12月5日、ニューヨーク・JFK空港でソウル行きの大韓航空086便が滑走路へと移動開始した直後に突然停止した。同便のファーストクラスに搭乗していた同社の趙顕娥(チョ・ヒョンア)・副社長が航空機内でマカダミアナッツを「袋のまま」出され激怒。
「皿に移して提供するのがルールでしょ」と怒鳴りつけ、航空機を急遽搭乗ゲートに引き返させて、サービスの責任者であるチーフパーサーを飛行機から降ろさせるというドタバタがあったためだ。米国では「ナッツリターン事件」と揶揄されている。
この40歳の女性副社長は、大韓航空会長兼CEOの長女。そのワガママお嬢様ぶりが、格差が広がり財閥への不満を募らせる韓国国民の怒りに火を付けた。
趙副社長は米国の大学でホテル経営学を専攻し、卒業後に大韓航空に入社して31歳で役員に就任した。
韓国では彼女はかねてワガママ娘として知られていた。双子を授かった際にはたまたまハワイに転勤、出産直後に韓国へ戻ってきたことが「子供に米国籍を与えて兵役逃れさせようとしている」と非難されたことがある。
今回の事件でも当初は「サービスの欠点を指摘するのは副社長の仕事」と強気だったが、それに対し「航空機内の指揮権は機長にあり、副社長とはいえ越権行為だ」と非難されると、今度は「引き返しは機長がやったことだ」と責任転嫁した。
さらに9日には批判を受けてサービス・ホテル担当の役員の職務から外れることを発表したが、副社長職自体は続けるという往生際の悪さに批判は大きくなるばかりで、結局、翌10日に副社長職も辞任した。
趙副社長の弟と妹も大韓航空の幹部だが、弟は暴力沙汰が報じられるなどトラブル一家として知られている。在韓ジャーナリストの藤原修平氏がこう語る。
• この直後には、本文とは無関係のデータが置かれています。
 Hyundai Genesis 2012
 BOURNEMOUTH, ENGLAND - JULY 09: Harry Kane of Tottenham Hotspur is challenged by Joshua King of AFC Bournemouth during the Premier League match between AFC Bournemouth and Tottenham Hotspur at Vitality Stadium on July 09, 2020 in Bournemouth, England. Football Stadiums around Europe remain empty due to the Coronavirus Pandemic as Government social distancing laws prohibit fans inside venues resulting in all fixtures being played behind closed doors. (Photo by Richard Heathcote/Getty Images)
「昨年4月に韓国の大手鉄鋼会社ポスコの関連会社役員が大韓航空機内で暴力事件を起こしました。その際に趙氏は、『乗務員の営業妨害を処罰できる法を整えるべきだ』と発言していましたが、今度は自身が航空法違反、強要容疑などで起訴される見通しです」
もっとも、サムスンの李健熙会長のように有罪になっても財閥の力で恩赦となり会社に戻ってくるケースは珍しくない。ほとぼりが冷めた頃には、副社長にリターンする可能性は高い。そういうお国柄でもある。